Notice that $$ L(\beta) = \frac{1}{N} \sum_{i=1}^N h_i(M_i \beta) $$ where $h_i: \mathbb R^K \to \mathbb R$ is the function defined by $$ h_i(u) = \ell(y_i, S(u)). $$ The softmax function and the cross-entropy loss function are natural companions, and they are happy to be combined together into the function $h_i$. By the chain rule, $$ L'(\beta) = \frac{1}{N} \sum_{i=1}^N h_i'(M_i \beta) M_i. $$ If we use the convention that the gradient is a column vector, then we have $$ \nabla L(\beta) = L'(\beta)^T = \frac{1}{N} \sum_{i=1}^N M_i^T \nabla h_i(M_i \beta). $$ So, to compute $\nabla L(\beta)$, we only need to figure out how to evaluate $\nabla h_i(u)$. We are nearly done already.

Before we compute $\nabla h_i(u)$, let's first simplify $h_i(u)$ as much as possible. The components of the label vector $y_i \in \mathbb R^K$ will be denoted $y_{i1}, \ldots, y_{iK}$. Note that $y_{i1} + \cdots + y_{iK} = 1$. Doing some high school algebra and using some properties of logarithms, we find that \begin{align} h_i(u) &= \sum_{k=1}^K - y_{ik} \log\left(\frac{e^{u_k}}{e^{u_1} + \cdots + e^{u_K}}\right) \\ &= \sum_{k=1}^K -y_{ik} u_k + y_{ik} \log(e^{u_1} + \cdots + e^{u_K}) \\ &= -\langle y_i, u \rangle + \sum_{k=1}^K y_{ik} \underbrace{\log(e^{u_1} + \cdots + e^{u_K})}_{\text{common factor}} \\ &= - \langle y_i, u \rangle + \log(e^{u_1} + \cdots + e^{u_K})\underbrace{\sum_{k=1}^K y_{ik}}_1 \\ &= \underbrace{\log(e^{u_1} + \cdots + e^{u_K})}_{\text{LogSumExp function}} - \langle y_i, u \rangle. \end{align} Look how much $h_i(u)$ simplified! And look how beautiful it is that our old friend the LogSumExp function has appeared. This goes to show that the softmax function and the cross-entropy loss function are meant to be together. This is why PyTorch's loss function torch.nn.functional.cross_entropy takes "logits" as input. (In other words, PyTorch's cross_entropy loss function assumes that you have not yet applied the softmax function.)

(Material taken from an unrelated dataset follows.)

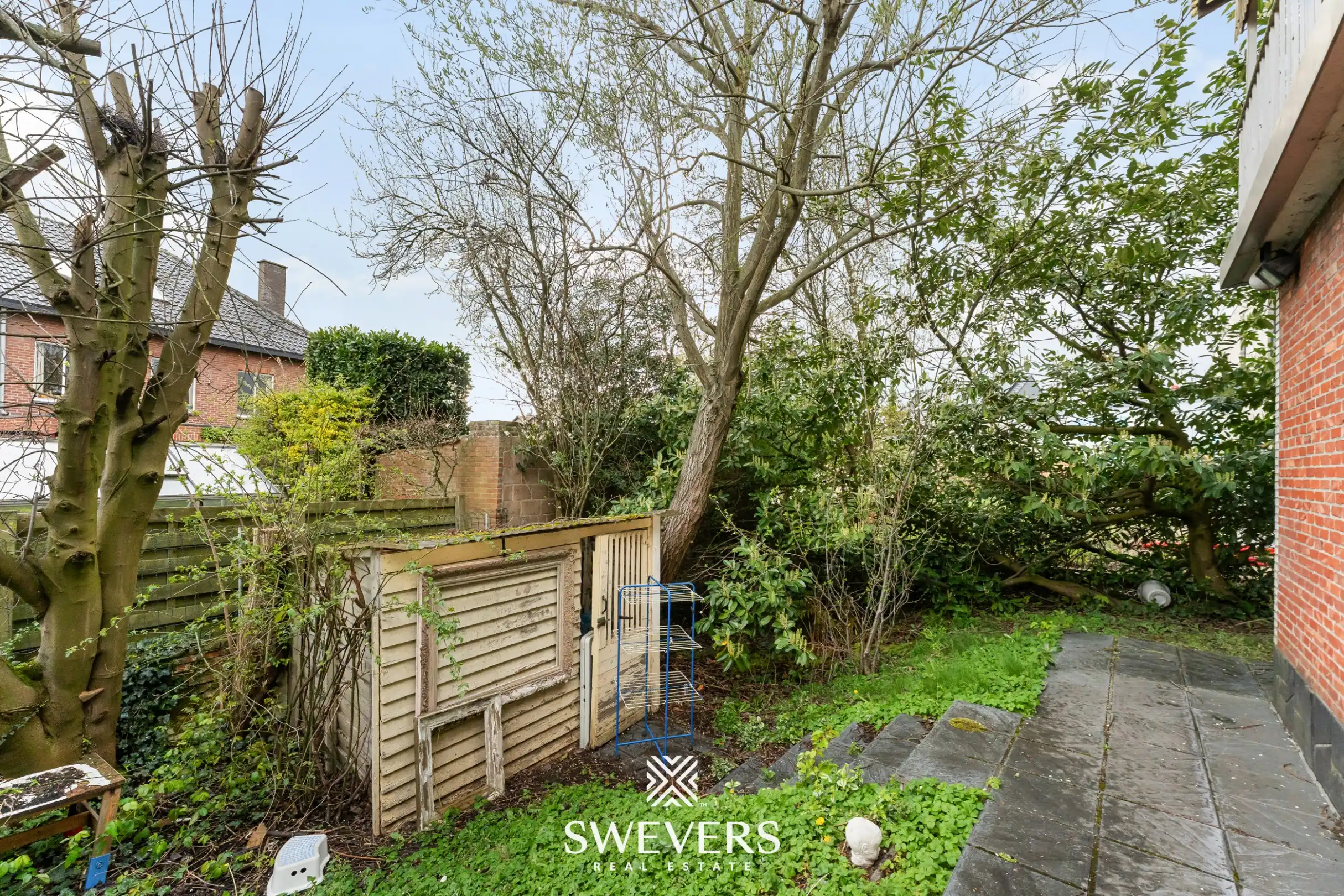 Ruime halfopen bebouwing met 4 slaapkamers en veel renovatiepotentieel op topligging in Hasselt foto 26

Now we are ready to compute the gradient. It can be shown that the gradient of the LogSumExp function is the softmax function, which is a beautiful fact. It follows that $$ \nabla h_i(u) = S(u) - y_i. $$ This is a beautiful and delightfully simple formula. Interpretation: If the predicted probability vector $S(u)$ agrees perfectly with the ground truth probability vector $y_i$, then $\nabla h_i(u)$ is zero, suggesting that no change to the value of $u$ is necessary.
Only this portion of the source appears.